**Collection entries**
=== Begin Enclosure ===
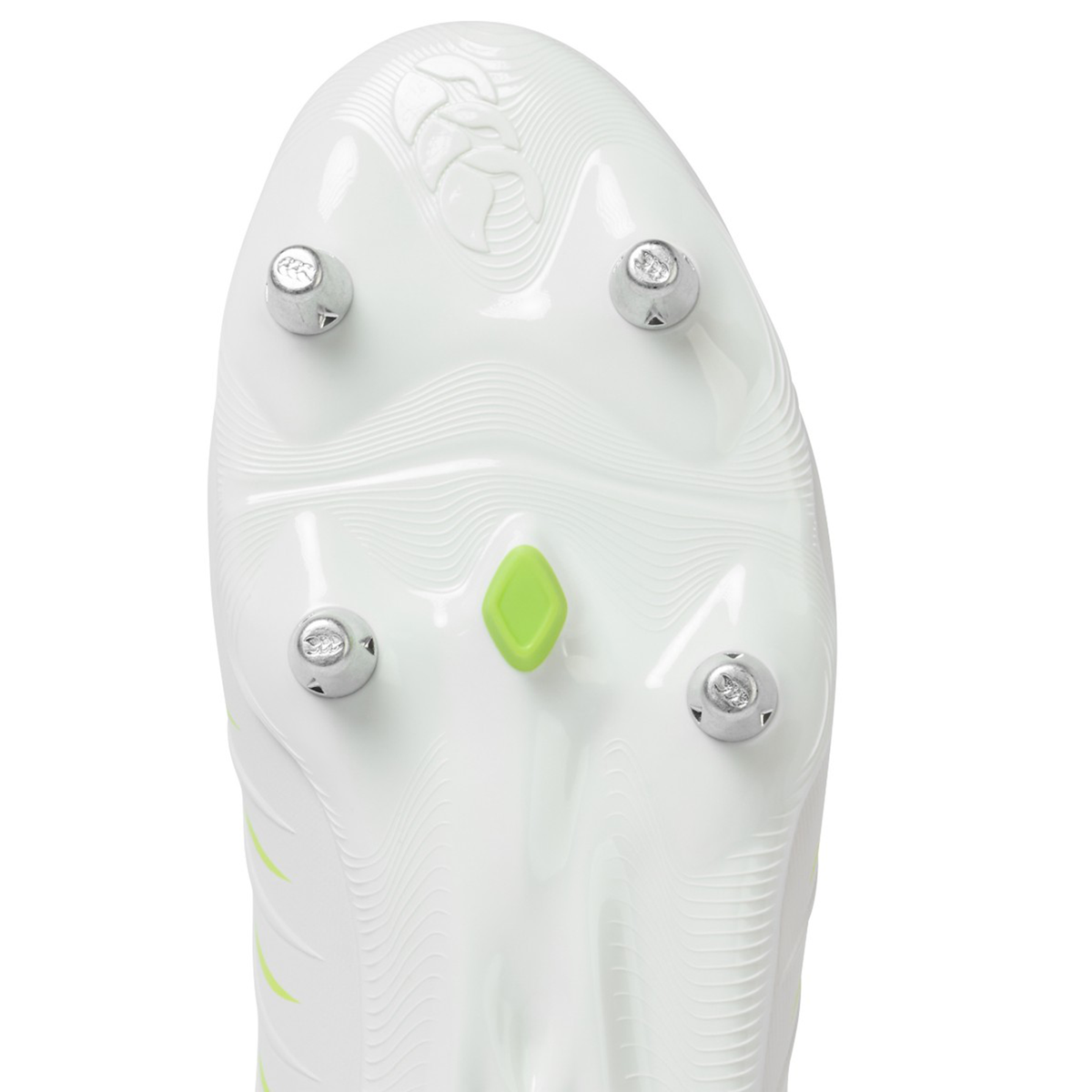 Close-up view of the white sole on the Canterbury Phoenix 2.0 Pro SG - Snow White/Tangerine Tango rugby boots by Canterbury, showing four metal studs and a small green detail in the center.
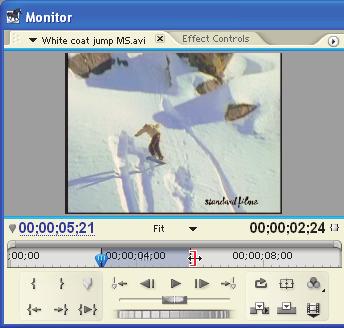 3.The Monitor Window Premiere Pro 1.5 H O T 12. An even quicker method to change the In or Out point is to click and drag the point directly.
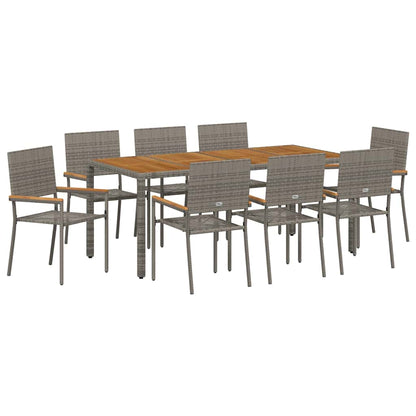 Tuin eettafelset 9 pcs Grijs poly rattan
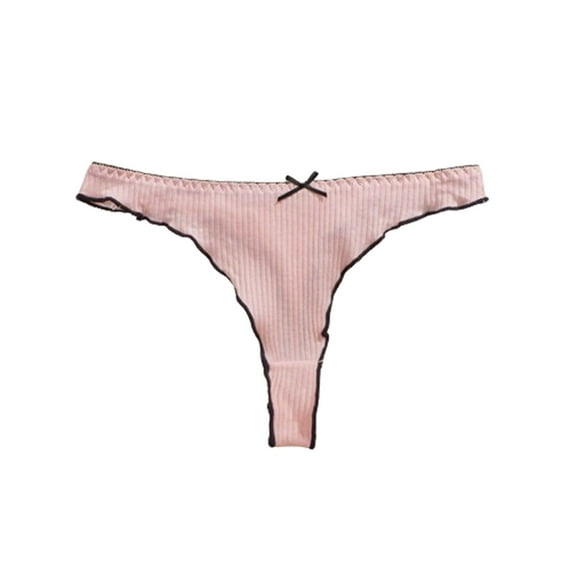 MuZeFu Thongs for Women Seamless Women's Solid Color Bow Comfortable Seamless Breathable Thong Vertical Pattern Edging Underwear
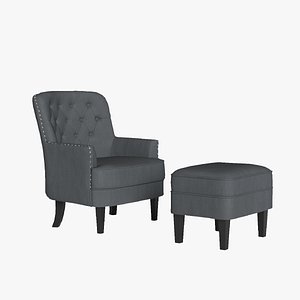Armchair and Ottoman Lounge Chair Footrest 3D model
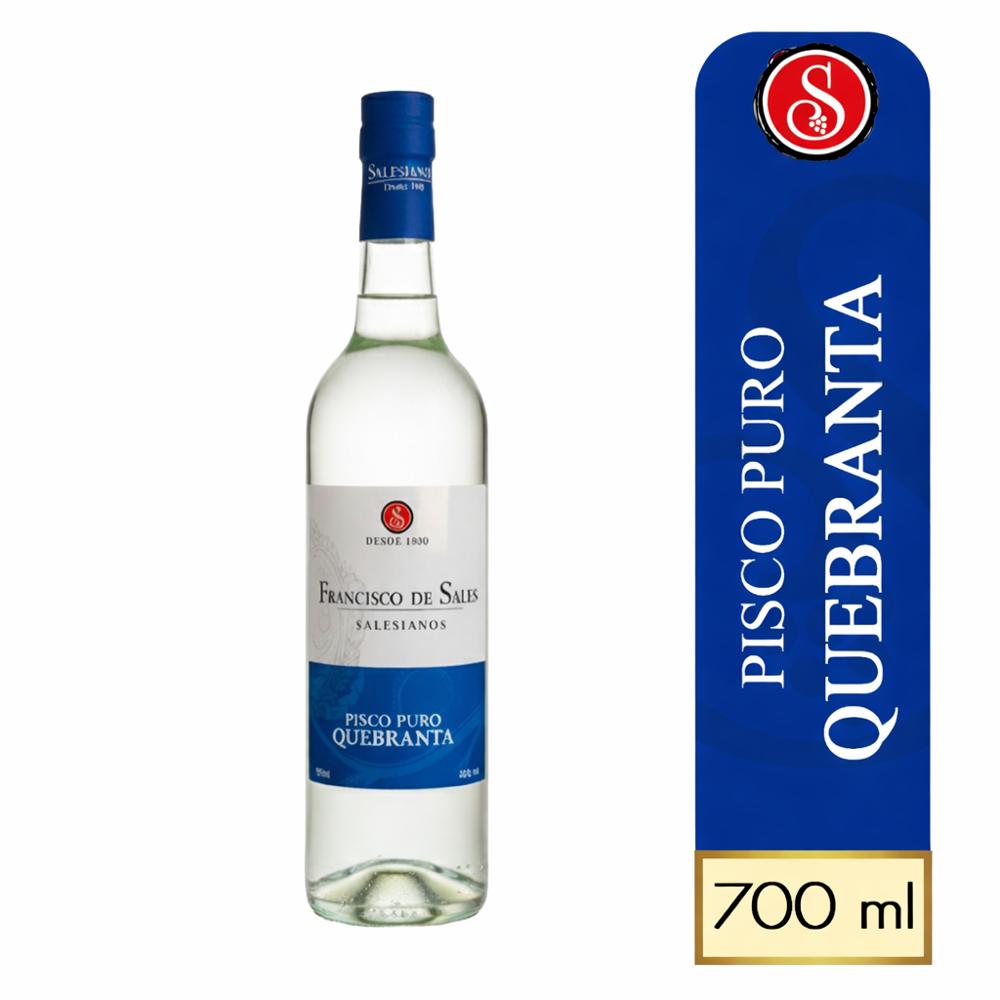 PISCO PURO QUEBRANTA FRANCISCO DE SALES x 700 ml.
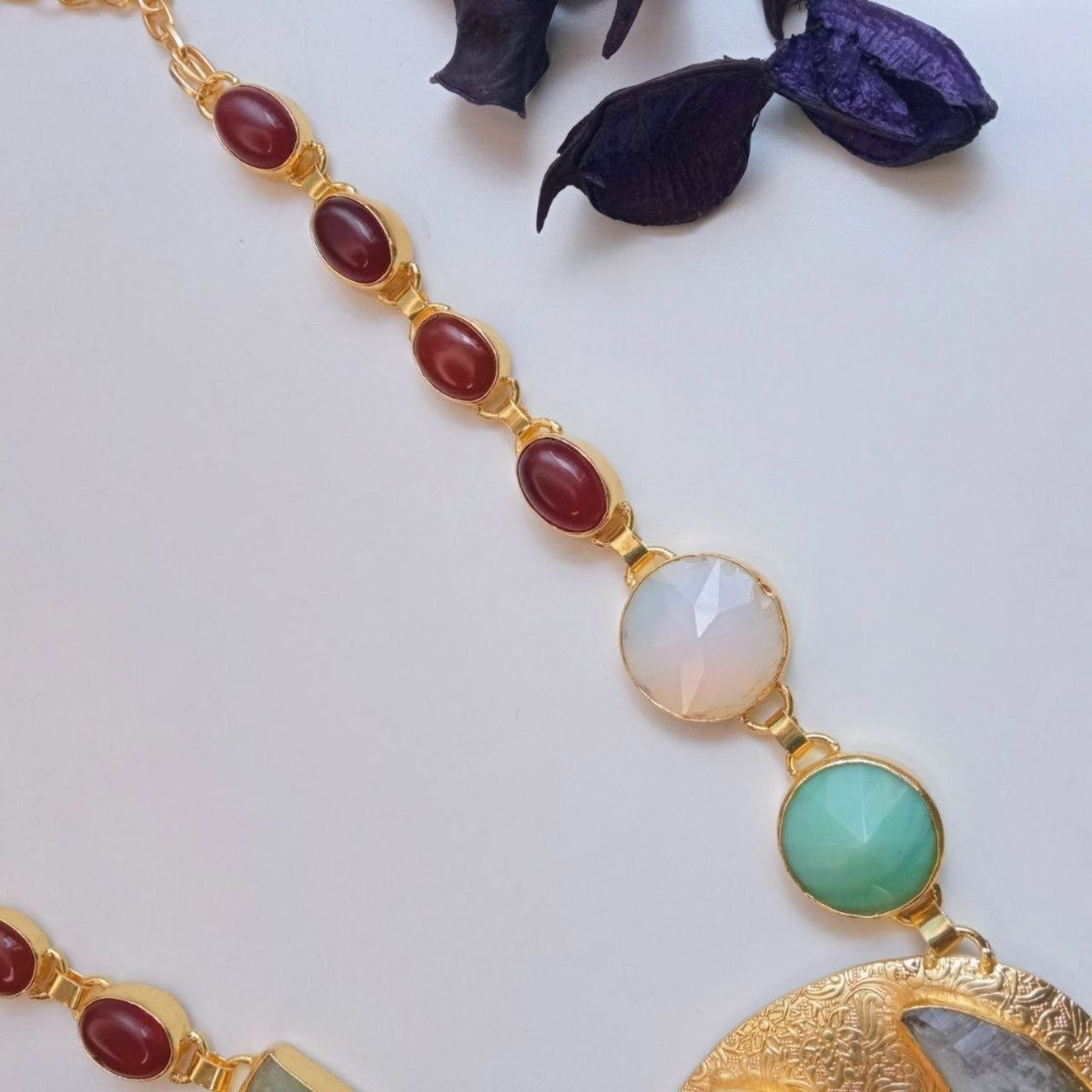 ISHIKA HANDMADE RAW NATURAL STONE MALA/NECKPIECE ML229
=== End Enclosure ===
**Brief**
Print each of the records above exactly as written, leaving no picture in the copy.

**Result of this task**
 Close-up view of the white sole on the Canterbury Phoenix 2.0 Pro SG - Snow White/Tangerine Tango rugby boots by Canterbury, showing four metal studs and a small green detail in the center.
 3.The Monitor Window Premiere Pro 1.5 H O T 12. An even quicker method to change the In or Out point is to click and drag the point directly.
 Tuin eettafelset 9 pcs Grijs poly rattan
 MuZeFu Thongs for Women Seamless Women's Solid Color Bow Comfortable Seamless Breathable Thong Vertical Pattern Edging Underwear
Armchair and Ottoman Lounge Chair Footrest 3D model
 PISCO PURO QUEBRANTA FRANCISCO DE SALES x 700 ml.
 ISHIKA HANDMADE RAW NATURAL STONE MALA/NECKPIECE ML229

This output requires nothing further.